Spin waves, or magnons, are fundamental excitations in magnetic materials which transport energy and angular momentum. The latter allows to make use of them for the transmission of information within magnetic solids. Since their existence is bound to that of magnetic solids, they are challenging to measure. This circumstance led to quite a number of difficulties with respect to the proof of fundamental theories about the properties of magnetic materials. In a joined project, the researchers involved were able to show that even in complex systems consisting of many different magnetic atoms, magnons can be thermally excited by making use of the recently understood spin Seebeck effect. These results furthermore show that the spin Seebeck effect can be employed to probe fundamental properties of such systems in a simple way and thus to deduce the complex interplay of the constituents.

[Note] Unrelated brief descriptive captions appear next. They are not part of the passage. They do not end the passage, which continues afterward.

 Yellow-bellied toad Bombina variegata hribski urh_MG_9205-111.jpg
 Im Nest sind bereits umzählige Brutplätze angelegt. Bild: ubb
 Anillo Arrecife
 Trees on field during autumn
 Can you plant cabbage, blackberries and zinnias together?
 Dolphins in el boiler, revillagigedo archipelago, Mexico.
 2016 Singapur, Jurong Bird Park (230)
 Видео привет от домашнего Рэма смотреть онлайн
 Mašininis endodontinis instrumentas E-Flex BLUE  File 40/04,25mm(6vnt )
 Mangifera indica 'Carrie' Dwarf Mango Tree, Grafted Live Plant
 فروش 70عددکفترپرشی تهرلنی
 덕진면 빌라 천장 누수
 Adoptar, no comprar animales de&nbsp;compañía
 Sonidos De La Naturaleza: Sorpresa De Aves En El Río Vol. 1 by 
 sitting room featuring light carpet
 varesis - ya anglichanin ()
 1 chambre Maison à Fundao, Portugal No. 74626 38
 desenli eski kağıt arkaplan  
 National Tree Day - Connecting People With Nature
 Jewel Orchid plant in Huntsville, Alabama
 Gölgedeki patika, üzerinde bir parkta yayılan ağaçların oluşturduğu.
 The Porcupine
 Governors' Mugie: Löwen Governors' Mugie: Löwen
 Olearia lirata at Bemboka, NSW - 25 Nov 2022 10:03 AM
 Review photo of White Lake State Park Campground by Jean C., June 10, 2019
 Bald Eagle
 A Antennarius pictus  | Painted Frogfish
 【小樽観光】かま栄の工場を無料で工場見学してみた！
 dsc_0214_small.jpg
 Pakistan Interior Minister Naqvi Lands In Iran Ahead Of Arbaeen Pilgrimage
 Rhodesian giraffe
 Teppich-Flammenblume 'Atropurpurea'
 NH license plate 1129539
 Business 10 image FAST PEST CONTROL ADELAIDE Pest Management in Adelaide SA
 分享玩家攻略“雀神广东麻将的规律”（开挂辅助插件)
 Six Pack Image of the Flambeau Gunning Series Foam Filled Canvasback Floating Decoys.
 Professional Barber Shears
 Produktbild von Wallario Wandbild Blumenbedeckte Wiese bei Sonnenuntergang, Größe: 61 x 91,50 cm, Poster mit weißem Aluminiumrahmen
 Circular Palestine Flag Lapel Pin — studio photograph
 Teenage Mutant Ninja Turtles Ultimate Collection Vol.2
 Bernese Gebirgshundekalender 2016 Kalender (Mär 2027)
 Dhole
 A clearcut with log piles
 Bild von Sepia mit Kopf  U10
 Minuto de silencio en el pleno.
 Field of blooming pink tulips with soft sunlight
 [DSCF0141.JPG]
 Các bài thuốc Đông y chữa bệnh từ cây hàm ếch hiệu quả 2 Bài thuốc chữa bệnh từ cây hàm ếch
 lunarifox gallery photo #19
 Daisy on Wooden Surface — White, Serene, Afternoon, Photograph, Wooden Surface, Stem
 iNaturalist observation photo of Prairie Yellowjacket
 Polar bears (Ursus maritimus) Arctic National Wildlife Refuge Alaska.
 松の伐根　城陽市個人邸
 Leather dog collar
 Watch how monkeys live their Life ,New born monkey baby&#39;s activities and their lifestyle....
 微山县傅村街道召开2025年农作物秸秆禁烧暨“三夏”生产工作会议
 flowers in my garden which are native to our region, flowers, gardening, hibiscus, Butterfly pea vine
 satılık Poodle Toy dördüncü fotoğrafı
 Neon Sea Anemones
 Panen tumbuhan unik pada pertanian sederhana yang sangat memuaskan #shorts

Spin waves out of waste heat
The spin Seebeck effect represents a so-called spin-thermoelectric effect, which enables the conversion of thermal energy into electrical energy. Contrary to conventional thermoelectric effects, it also enables the recovery of heat energy in magnetic insulators in combination with a thin metallic layer. Researchers at Mainz University have recently been able to demonstrate that the origin of the spin Seebeck effect can be understood as thermally excited spin waves within the magnetic solid. These thermal spin waves present a so far unexploited way for the energy recovery of waste heat.
Following this discovery, the researchers started investigations of more complex materials, so called ferrimagnets. In contrast to simple ferromagnetic materials, ferrimagnets possess a non-trivial temperature dependence of the magnetization, resulting of a complex interplay of its different magnetic sublattices. By making use of temperature dependent spin Seebeck measurements of ferrimagnetic materials, it was possible to deduce characteristic and thus unique signal features. These features can be traced back to the magnonic origin of the effect and therefore allow to gain a new idea of thermal magnons and their distribution.
"Seeing the complicated signal behavior for the first time, I did not think that one could learn so much about the complex and intrinsic interaction within the materials. All this has only been possible due to the excellent collaboration with our national and international colleagues", said Andreas Kehlberger, who just recently finished his PhD in the research group of Professor Mathias Kläui, supported by a stipend of the Graduate School of Excellence "Materials Science in Mainz" (MAINZ) at Johannes Gutenberg University Mainz.
"I am very pleased that this exciting result emerged in a cooperation of a doctoral candidate out of my group at the MAINZ Graduate School of Excellence together with co-workers from Garching within the framework of the Priority Program on Spin Caloric Transport, funded by the German Research Foundation", emphasized Professor Mathias Kläui, Director of the MAINZ Graduate School of Excellence at Johannes Gutenberg University Mainz. "It shows that complex research is only possible in teams, for instance with funding by the DAAD SpinNet exchange program with Tohoku University."
Graduate School of Excellence "Materials Science in Mainz"
The MAINZ Graduate School of Excellence was approved in the Excellence Initiative of the German federal and state governments in 2007 and received a five-year funding extension in the second round in 2012 – a tremendous boost for the Mainz-based materials scientists and for the sponsorship of young researchers at JGU. The MAINZ Graduate School consists of work groups at Johannes Gutenberg University Mainz, the University of Kaiserslautern, and the Max Planck Institute for Polymer Research in Mainz. One of its focal research areas is spintronics, where cooperation with leading international partners plays an important role.